Welfare economics is a branch of economics that uses microeconomic techniques to evaluate well-being (welfare) at the aggregate (economy-wide) level.

Attempting to apply the principles of welfare economics gives rise to the field of public economics, the study of how government might intervene to improve social welfare. Welfare economics also provides the theoretical foundations for particular instruments of public economics, including cost–benefit analysis, while the combination of welfare economics and insights from behavioral economics has led to the creation of a new subfield, behavioral welfare economics.

The field of welfare economics is associated with two fundamental theorems. The first states that given certain assumptions, competitive markets produce (Pareto) efficient outcomes; it captures the logic of Adam Smith's invisible hand. The second states that given further restrictions, any Pareto efficient outcome can be supported as a competitive market equilibrium. Thus, a social planner could use a social welfare function to pick the most equitable efficient outcome, then use lump sum transfers followed by competitive trade to bring it about. Because of welfare economics' close ties to social choice theory, Arrow's impossibility theorem is sometimes listed as a third fundamental theorem.

A typical methodology begins with the derivation (or assumption) of a social welfare function, which can then be used to rank economically feasible allocations of resources in terms of the social welfare they entail. Such functions typically include measures of economic efficiency and equity, though more recent attempts to quantify social welfare have included a broader range of measures including economic freedom (as in the capability approach).

Approaches

Cardinal utility 

The early Neoclassical approach was developed by Edgeworth, Sidgwick, Marshall, and Pigou. It assumes the following:
 Utility is cardinal, that is, scale-measurable by observation or judgment.
 Preferences are exogenously given and stable.
 Additional consumption provides smaller and smaller increases in utility (diminishing marginal utility).
 All individuals have interpersonally commensurable utility functions (an assumption that Edgeworth avoided in his Mathematical Psychics).
With these assumptions, it is possible to construct a social welfare function simply by summing all the individual utility functions. Note that such a measure would still be concerned with the distribution of income (distributive efficiency) but not the distribution of final utilities. In normative terms, such authors were writing in the Benthamite tradition.

Ordinal utility 

The New Welfare Economics approach is based on the work of Pareto, Hicks, and Kaldor. It explicitly recognizes the differences between the efficiency aspect of the discipline and the distribution aspect and treats them differently. Questions of efficiency are assessed with criteria such as Pareto efficiency and the Kaldor–Hicks compensation tests, while questions of income distribution are covered in social welfare function specification. Further, efficiency dispenses with cardinal measures of utility, replacing it with ordinal utility, which merely ranks commodity bundles (with an indifference-curve map, for example).

Criteria

Efficiency 
Situations are considered to have distributive efficiency when goods are distributed to the people who can gain the most utility from them.

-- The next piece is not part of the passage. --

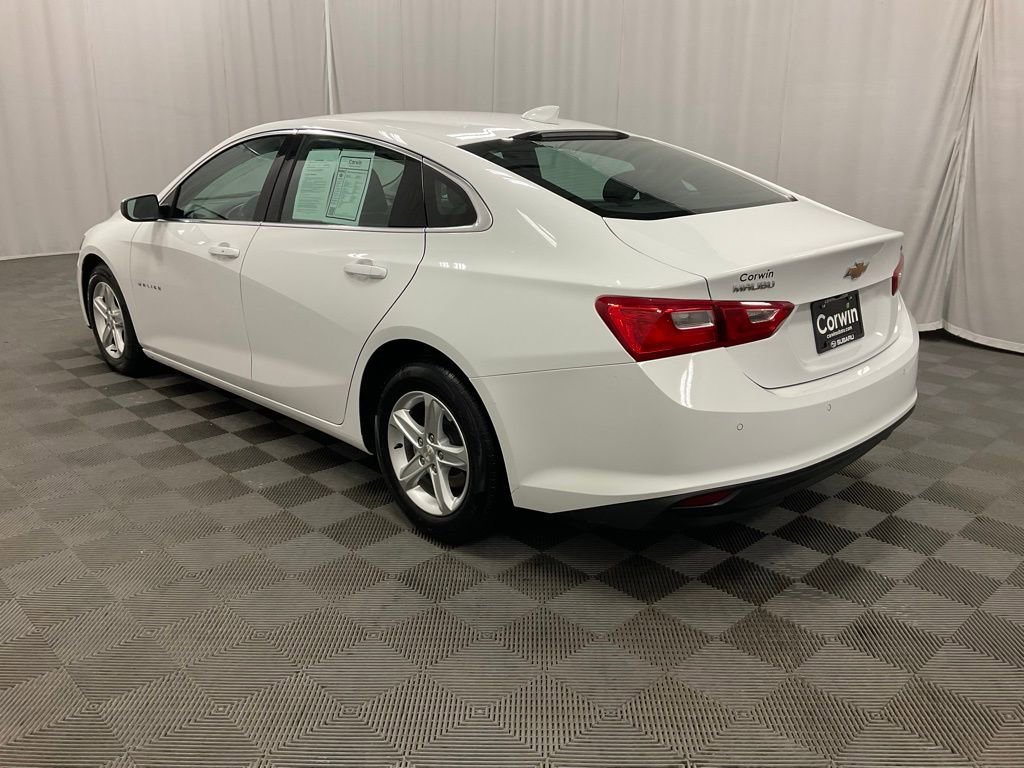 Used 2024 Chevrolet Malibu LT image 7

Pareto efficiency is an efficiency goal that is standard in economics. A situation is Pareto-efficient only if no individual can be made better off without making someone else worse off. An example of an inefficient situation would be if Smith owns an apple but would prefer to consume an orange  while Jones owns an orange but would be prefer to consume an apple. Both could be made better off by trading.

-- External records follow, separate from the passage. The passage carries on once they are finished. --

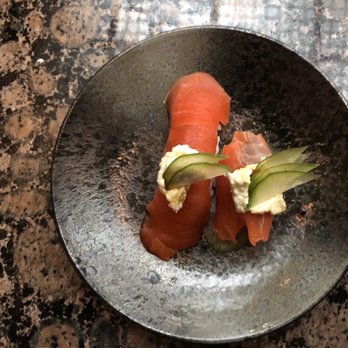 Kai Sushi - Lakeview - Rainbow Trout Sashimi - Sushi Bars Near Me - Chicago, Illinois
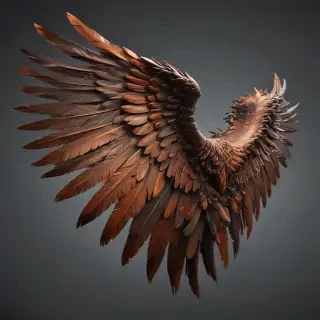 angle wings png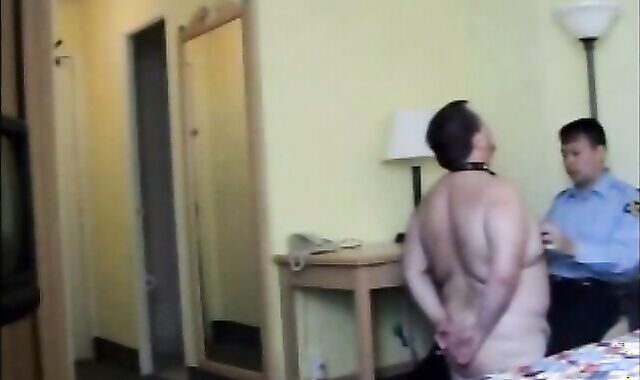 Superchubs, Chubs, and Bears from all over the world travel to meet me in Toronto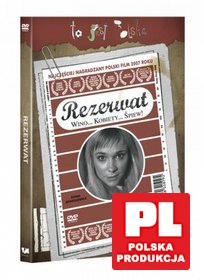 Rezerwat (To jest Polska) [DVD]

A pareto-efficient state of affairs can only come about if four criteria are met:
 The marginal rates of substitution in consumption for any two goods are identical for all consumers. We cannot reallocate goods between two consumers and make both happier. 
 The marginal rate of transformation in production for any two goods is identical for all producers of those two goods. We cannot reallocate production between two producers and increase total output.    
 The marginal physical product of a factor input (e.g. labor) must be the same for all producers of a good. We cannot reduce production cost by reallocating production between two producers.
 The marginal rates of substitution in consumption equal the marginal rates of transformation in production for any pair of goods. Producers cannot make consumers happier by producing more of one good and less of the other.

There are a number of conditions that lead to inefficiency. They include:
 Imperfect market structures such as monopoly, monopsony, oligopoly, oligopsony, and monopolistic competition.
 Factor allocation inefficiencies in production theory basics.
  Externalities.
 Asymmetric information, including principal–agent problems.
 Long run declining average costs in a natural monopoly.
 Taxes and tariffs.
 Government restrictions on prices and quantities sold and other regulation resulting from government failure.

Note that if one of these conditions leads to inefficiency, another condition might help by counteracting it. For example, if a pollution externality leads to overproduction of tires, a tax on tires might restore the efficient level of production. A condition inefficient in the "first-best" might be desirable in the second-best.

To determine whether an activity is moving the economy towards Pareto efficiency, two compensation tests have been developed. Policy changes usually help some people while hurting others, so these tests ask what would happen if the winners were to compensate the losers. Using the Kaldor criterion, the change is desirable if the maximum amount the winners would be willing to pay is greater than the minimum the losers would accept. Under the Hicks criterion, the change is desirable if the maximum  the losers would be willing to offer the winners to prevent the change is less than the minimum the winners would accept as a bribe to give up the change. The Hicks compensation test is from the losers' point of view; the Kaldor compensation test is from the winners'. If both conditions are satisfied, the proposed change will move the economy toward Pareto optimality. This idea is known as Kaldor–Hicks efficiency.  If the two conditions disagree, that yields the Scitovsky paradox.

Equity
There are many combinations of consumer utility, production mixes, and factor input combinations consistent with efficiency. In fact, there are an infinity of consumption and production equilibria that yield Pareto optimal results. There are as many optima as there are points on the aggregate production–possibility frontier. Hence, Pareto efficiency is a necessary, but not a sufficient condition for social welfare. Each Pareto optimum corresponds to a different income distribution in the economy. Some may involve great inequalities of income. So how do we decide which Pareto optimum is most desirable?  This decision is made, either tacitly or overtly, when we specify the social welfare function. This function embodies value judgements about interpersonal utility. The social welfare function shows the relative importance of the individuals that comprise society.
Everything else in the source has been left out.